II. Envelope-Based AIDS Vaccine Development
The HIV-1 envelope has evolved such an immunosuppressive state that does not provoke adequate immunogenicity to trigger the production of neutralizing antibodies. Therefore, our research objective is to improve the immunogenicity of the HIV-1 envelope. The approach involves stabilizing a CD4-bound conformation of gp120, in which CD4 as well as the co-receptor (CCR5 or CXCR4) binding sites are exposed. These two sites are the most conserved regions in the HIV-1 Env. This gp120 antigenic conformation should induce a much stronger immune response, and consequently, elicit more potent neutralizing antibodies.
Another approach involves epitope-based antigen design. Epitope information gleaned from studies of known neutralizing antibodies such as VRC01, b12 or 2G12 should facilitate fragment structure-based design. We anticipate that a small epitope might elicit potent neutralizing antibodies against the virus.

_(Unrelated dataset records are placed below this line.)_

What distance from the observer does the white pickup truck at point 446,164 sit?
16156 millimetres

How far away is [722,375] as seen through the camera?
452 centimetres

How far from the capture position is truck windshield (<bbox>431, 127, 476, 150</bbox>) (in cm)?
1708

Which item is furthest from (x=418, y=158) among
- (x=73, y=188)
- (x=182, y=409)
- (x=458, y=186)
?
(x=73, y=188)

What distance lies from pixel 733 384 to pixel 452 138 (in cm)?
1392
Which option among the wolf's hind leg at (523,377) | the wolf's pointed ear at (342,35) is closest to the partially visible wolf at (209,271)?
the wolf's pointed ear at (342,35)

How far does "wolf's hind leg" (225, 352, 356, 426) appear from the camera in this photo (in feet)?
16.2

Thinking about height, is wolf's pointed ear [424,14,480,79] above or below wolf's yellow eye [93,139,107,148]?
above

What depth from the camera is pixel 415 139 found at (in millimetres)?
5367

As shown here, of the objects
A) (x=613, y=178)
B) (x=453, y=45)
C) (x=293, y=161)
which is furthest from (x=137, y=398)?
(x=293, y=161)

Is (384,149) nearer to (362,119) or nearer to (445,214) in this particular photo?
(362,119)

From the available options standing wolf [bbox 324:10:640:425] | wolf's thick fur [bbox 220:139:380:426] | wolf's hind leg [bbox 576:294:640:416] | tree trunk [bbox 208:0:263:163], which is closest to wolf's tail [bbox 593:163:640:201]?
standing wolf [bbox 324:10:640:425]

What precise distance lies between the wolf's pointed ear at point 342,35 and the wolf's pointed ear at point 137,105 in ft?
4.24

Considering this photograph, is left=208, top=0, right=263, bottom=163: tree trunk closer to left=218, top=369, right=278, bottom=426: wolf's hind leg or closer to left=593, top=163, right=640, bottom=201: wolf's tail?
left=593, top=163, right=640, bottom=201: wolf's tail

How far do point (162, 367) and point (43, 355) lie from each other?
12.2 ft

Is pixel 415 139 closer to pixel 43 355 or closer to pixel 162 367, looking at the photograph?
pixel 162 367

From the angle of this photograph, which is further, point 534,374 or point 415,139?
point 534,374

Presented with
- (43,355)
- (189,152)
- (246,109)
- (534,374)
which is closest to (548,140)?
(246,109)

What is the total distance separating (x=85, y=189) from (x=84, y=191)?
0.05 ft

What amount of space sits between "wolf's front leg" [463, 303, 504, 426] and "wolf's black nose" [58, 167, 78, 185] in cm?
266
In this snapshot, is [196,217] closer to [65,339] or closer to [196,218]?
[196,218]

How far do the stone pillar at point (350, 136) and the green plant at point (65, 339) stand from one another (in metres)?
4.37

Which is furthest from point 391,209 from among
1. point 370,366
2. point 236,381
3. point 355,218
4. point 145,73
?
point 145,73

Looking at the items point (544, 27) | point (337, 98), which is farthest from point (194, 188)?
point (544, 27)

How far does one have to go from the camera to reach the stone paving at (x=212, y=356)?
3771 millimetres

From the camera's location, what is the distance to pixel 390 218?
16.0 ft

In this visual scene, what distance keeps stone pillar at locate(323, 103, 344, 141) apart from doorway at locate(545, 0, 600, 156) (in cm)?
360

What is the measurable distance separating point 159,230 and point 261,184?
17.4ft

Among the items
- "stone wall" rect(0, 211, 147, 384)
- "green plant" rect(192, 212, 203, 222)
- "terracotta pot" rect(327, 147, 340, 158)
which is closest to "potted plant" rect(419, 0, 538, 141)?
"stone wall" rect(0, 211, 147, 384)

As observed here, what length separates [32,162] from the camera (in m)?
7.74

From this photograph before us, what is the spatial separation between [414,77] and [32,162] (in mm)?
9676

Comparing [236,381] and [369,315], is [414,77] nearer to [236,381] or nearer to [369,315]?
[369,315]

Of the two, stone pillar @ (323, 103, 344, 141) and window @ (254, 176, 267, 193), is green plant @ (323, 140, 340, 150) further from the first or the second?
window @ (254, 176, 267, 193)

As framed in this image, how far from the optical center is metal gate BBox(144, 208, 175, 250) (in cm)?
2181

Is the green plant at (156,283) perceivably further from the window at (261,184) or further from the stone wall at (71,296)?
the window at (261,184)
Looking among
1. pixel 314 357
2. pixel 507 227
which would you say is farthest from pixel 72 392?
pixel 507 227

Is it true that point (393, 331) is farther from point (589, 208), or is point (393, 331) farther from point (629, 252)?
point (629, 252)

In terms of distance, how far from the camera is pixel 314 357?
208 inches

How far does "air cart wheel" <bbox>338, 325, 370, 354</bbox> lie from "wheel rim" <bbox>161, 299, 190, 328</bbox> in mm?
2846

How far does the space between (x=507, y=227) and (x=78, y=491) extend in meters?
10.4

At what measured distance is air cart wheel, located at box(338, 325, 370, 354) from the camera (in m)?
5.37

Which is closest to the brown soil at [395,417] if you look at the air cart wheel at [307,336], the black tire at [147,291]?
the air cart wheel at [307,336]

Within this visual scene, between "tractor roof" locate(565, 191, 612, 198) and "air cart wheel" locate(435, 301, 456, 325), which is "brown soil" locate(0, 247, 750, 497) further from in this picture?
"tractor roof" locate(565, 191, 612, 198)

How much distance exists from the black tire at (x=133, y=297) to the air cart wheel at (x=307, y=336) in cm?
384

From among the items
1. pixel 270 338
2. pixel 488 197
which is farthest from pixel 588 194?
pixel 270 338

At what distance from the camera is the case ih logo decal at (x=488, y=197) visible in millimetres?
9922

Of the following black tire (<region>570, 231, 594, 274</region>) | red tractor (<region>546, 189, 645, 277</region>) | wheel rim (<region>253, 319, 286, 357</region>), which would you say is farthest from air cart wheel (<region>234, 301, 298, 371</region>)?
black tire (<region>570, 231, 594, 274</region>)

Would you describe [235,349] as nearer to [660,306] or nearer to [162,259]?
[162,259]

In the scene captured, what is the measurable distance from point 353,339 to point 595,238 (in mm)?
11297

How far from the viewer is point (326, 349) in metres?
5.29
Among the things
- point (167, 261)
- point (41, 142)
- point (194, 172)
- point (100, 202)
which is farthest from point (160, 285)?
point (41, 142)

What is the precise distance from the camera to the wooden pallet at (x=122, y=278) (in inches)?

Herpesvirus-host interactions in innate immunity and cancer formation
Research Interests: Dr. Luwen Zhang’s laboratory studies the transformation processes. Epstein-Barr virus is (EBV) a human herpesvirus of increasing medical importance. EBV infection has been associated with the development of several human cancers. In immunocompromised individuals, such as organ transplant recipients or AIDS patients, EBV almost certainly causes two fatal cancers: post-transplantation lymphoproliferative disorder (PTLD) and AIDS-associated central nerve system (CNS) lymphoma. The Zhang lab tackles the problems related to how virus interacts with cell, and transforms normal cells into cancerous ones. Also, potential treatment of human cancers is also on their agenda. Zhang lab has been testing a novel approach to specifically block the viral transformation events that lead to the development of human cancers.